What is a deferred contract?
For those who don’t know, a deferred contract allows a team to push back payments for a player. Say I sign a contract for $100 million over 5 years. Generally you would see the payments at $20 million a year. A deferred contact could allow me to make $10 million for the first 4 years, and then $60 million in the 5th year. Payments can even be pushed back after the player’s contract is up. A famous example of this is Bobby Bonilla getting paid $1.1 million per year until 2035.
How does this impact a team’s Luxury Tax (CBT)?
This is where people start to get upset with the rules. On paper, a team’s salary cap is broken out based on “Average Annual Value”. So, that $100 million contract? The average annual value is a nice, easy, $20 million each year. This stops teams from end loading a contract to get under the luxury tax limits.
Here is where General Managers work their magic. Money now is worth more than money in the future (thanks inflation). $100 million in 10 years is not going to hold the same value as it would today – due to both inflation and opportunity cost.
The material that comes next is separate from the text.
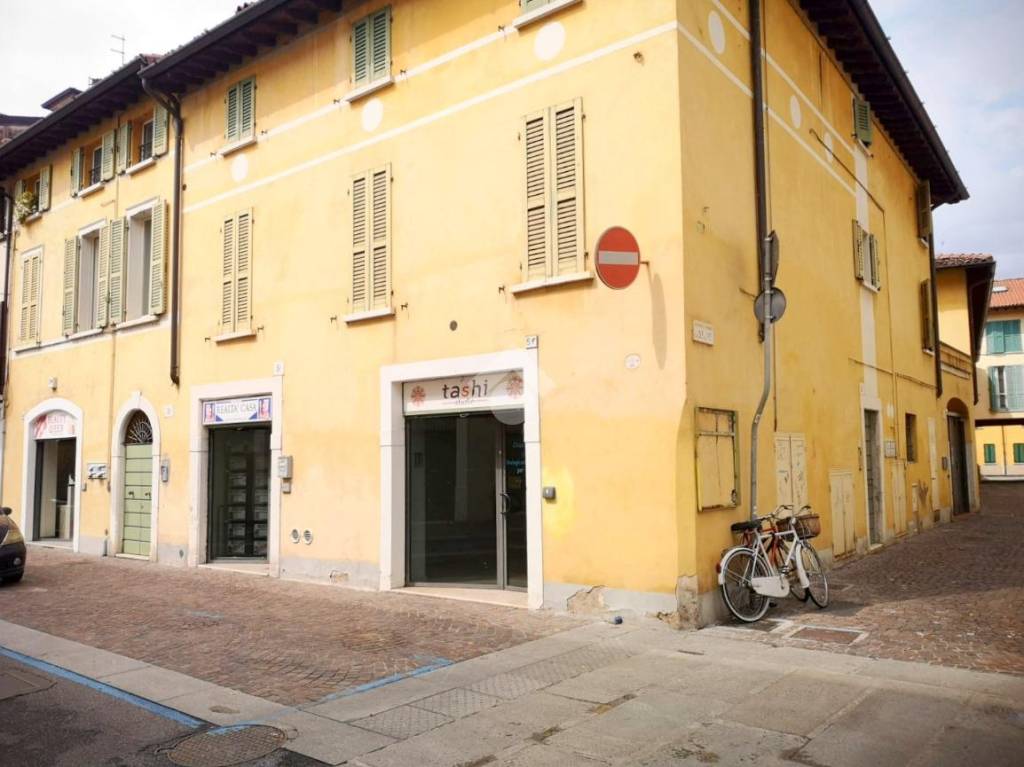 negozio in vendita a Brescia in zona Borgo Trento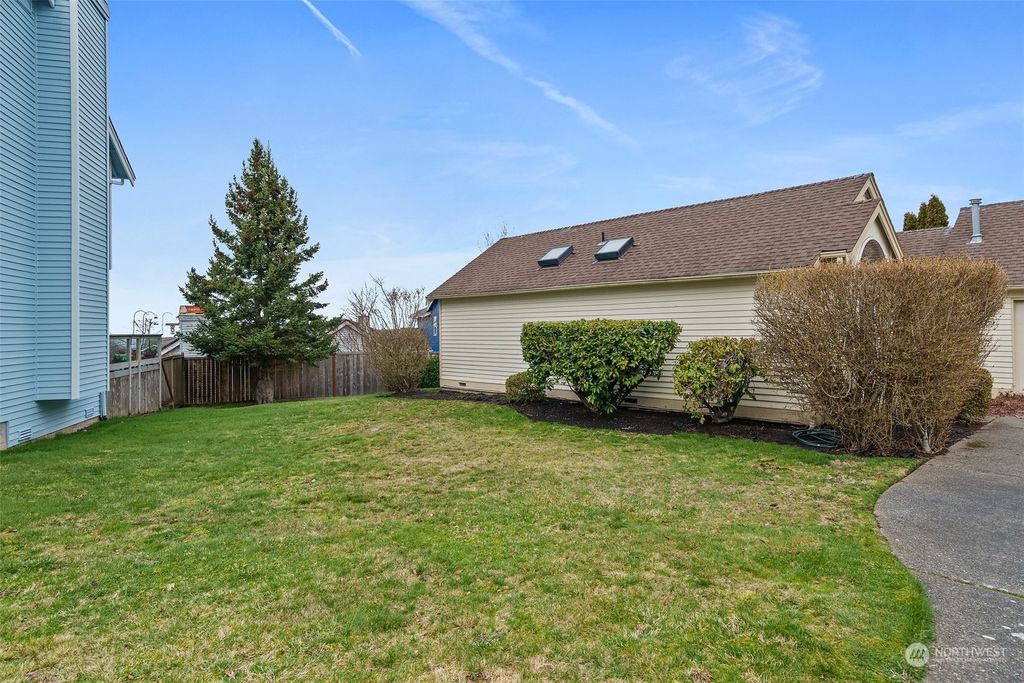 Photo of 2522 S 279th Place, Federal Way, WA 98003 (MLS # 2038718)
The key here is deferred contracts are calculated based on “Net Present Value” (or NPV), meaning they are paying a lower real cost to an escrow account, as compared to the high Average Annual Value (AAV counts towards luxury tax, NPV is for Escrow).
Escrow Accounts
To ensure players are fully paid out on their deferred contracts (I’m talking to you, Mets), teams must place the Net Present Value of the contract in an escrow account. An escrow account is an account held by a neutral third party like a bank or investment firm, with the player’s contract money. A team place the money into an escrow account within two years of the contract agreement. Example here being Ohtani’s contract. Ohtani’s contract has him at $2 million a year from 2024-2033, and $68 million a year from 2034-2043. The deferred amount is $680 million, or $68 million a year. Net Present Value of his contract was calculated out to $46 million, so the Dodgers must place that $46 million into the escrow account each year, ensuring Ohtani will be paid when he is supposed to.
So while many people think the Dodgers are saving that money until the 2030’s, they will be funding his escrow account starting in 2026.
Why are Deferred Contracts fun?
I love deferred contracts because it is such a HUGE risk if the player doesn’t perform. Some of the worst contracts in history are because of deferred contracts.
Bobby Bonilla (I have a fun article about this coming up) will be getting paid over $1 million by the Mets until 2035 – he hasn’t played for them since 1999. I was two years old.
Chris Davis will be getting paid $3.5 million by the Orioles until 2032 and then $1.4 million until 2037 – Hasn’t played for the O’s since 2020 (He hit .110).
Deferred contracts assume players are not going to get hurt, and play to their full potential, so you better not be wrong.
Consensus
Deferred contracts can only be approved or disproved in hindsight. Did the Orioles know Chris Davis was going to struggle after multiple 45+ home run seasons? Of course not, which is why I believe you must be so sure of a player’s success when giving them a large deferred contract. Ohtani is an absolute no-brainer – the most talented player in a generation is exactly the person you take the risk on.
Who is your favorite team, and who would you feel comfortable giving a deferred contract to?